Creating a visual schedule for kids ~
Written by Jamie Martin, editor of Simple Homeschool and founder of Steady Mom
Young children love bright colors and pretty pictures. Moms of young children love peace and a semblance of rhythm in the home. Is there a way to merge the two?
Yes! A visual schedule.
About four months ago, I began feeling frustrated by constant questions from my three sweet babes. “What are we doing next, Mommy? When are we having dinner? When can we watch a video?”
It brought to mind a schedule chart I remembered using when I worked in a first grade classroom. I decided to invest the time to make one for us to use at home. My return on investment has been huge!

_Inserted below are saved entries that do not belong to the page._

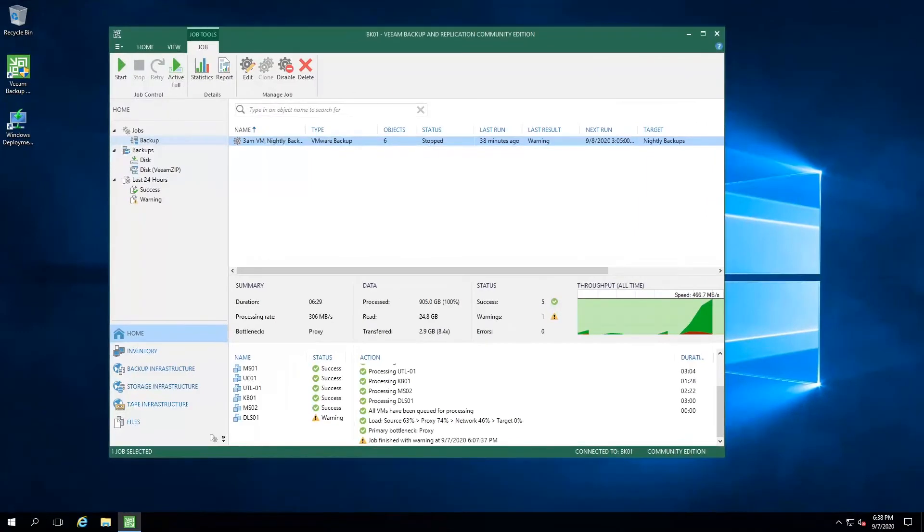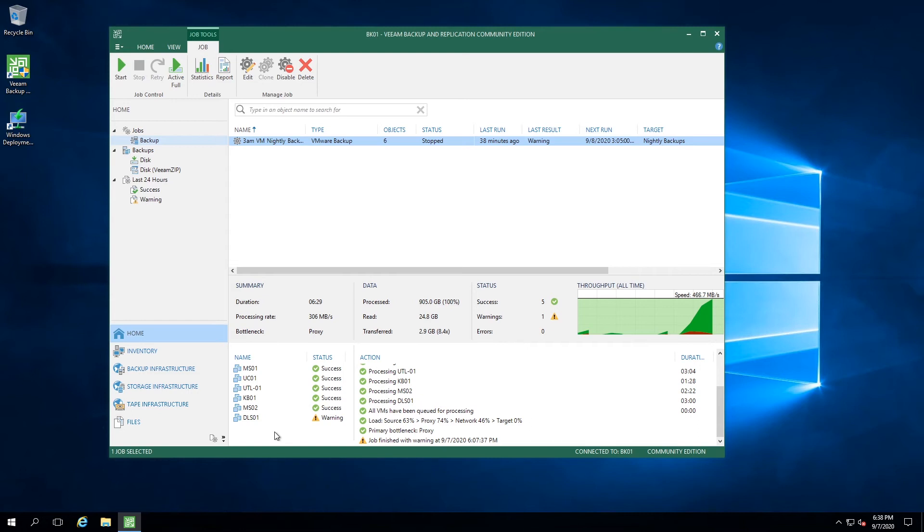As you can see in my backup setup in Veeam Backup and Replication, I'm using six of my 10 workloads. As you can also see one of the workloads has failed and is no longer being used. So I want to reclaim that license so I can use that license for another workload at some point in the future.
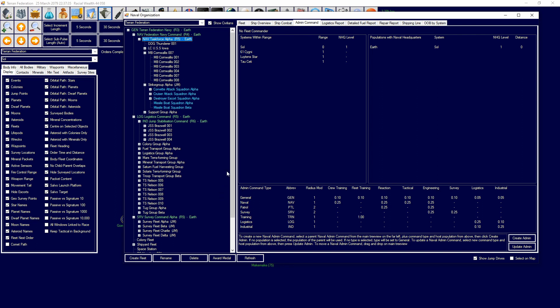Each admin command has access to multiple types of admin commands. Each type of admin command gives various bonuses to the fleets within that admin command and admin commands under said admin command. For example, I have naval admin commands, which grant bonuses to reactions and crew training and engineering. It gives me bonuses to tactical situations.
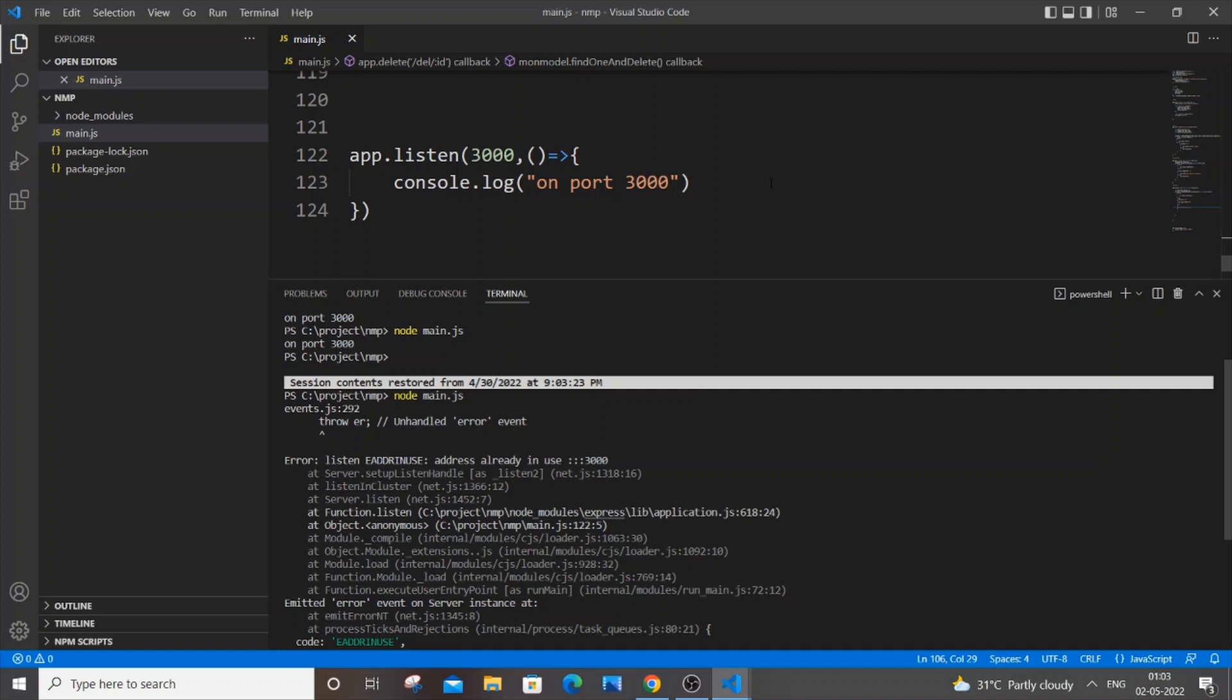Hey hello everyone, in this video I will show you how to solve the error 'listen EADDRINUSE: address already in use 3000'. This can be any number here - the number corresponds to the port number you've specified in your app.listen.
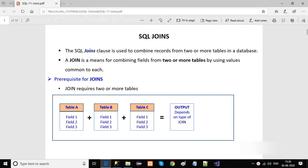Hey guys, this is Amrash Tarver and today I will be discussing SQL joins. What is the SQL join and why do we need it? Basically, SQL joins are used to merge the output from two or multiple tables. When we need to merge the output from two or multiple tables, we can use joins. For example, we can merge tables A, B, and C to create a new output based on the type of join we use. To use a join, we need at least two or more tables.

Here’s how you can make your own, too.
Creating a Visual Schedule for Kids
1. Create or order a background template for your schedule.
I’m not really the crafty type, so I went online searching for the one I remembered from my classroom years ago. Yep, found it–the daily schedule pocket chart from Scholastic.
You could also use posterboard with velcro pieces attached like I did for our preschool play chart two years ago.
2. Adapt the chart for your own needs and purposes.
The Scholastic chart I ordered is for traditional classrooms and when assembled looks like this:
Not very homey, is it? I found it a bit too institutionalized for my tastes, so I switched the paper strips around and listed the activities I wanted.
Now it looks like this:
Those of you who are artists or have toddlers/preschoolers could add drawings or clip art to represent the activities you need.
3. Use it!
Like any good resource, a chart adds nothing to your day unless you use it. Since most of our days follow a similar rhythm, it doesn’t take me long to get it ready in the morning. I do this while I’m downstairs prepping for the day before the kids have gotten dressed.
My children love our visual schedule! It’s the first thing they run down to check before breakfast. My oldest two, both readers, read it outloud together while my youngest listens and follows along. I love not being pestered with the “what’s next” variety of questions.
The chart has added one more layer of peace to the rhythm of our day, and I will take every ounce of peace I can get.
Have you ever tried using a visual representation of the day for your kids?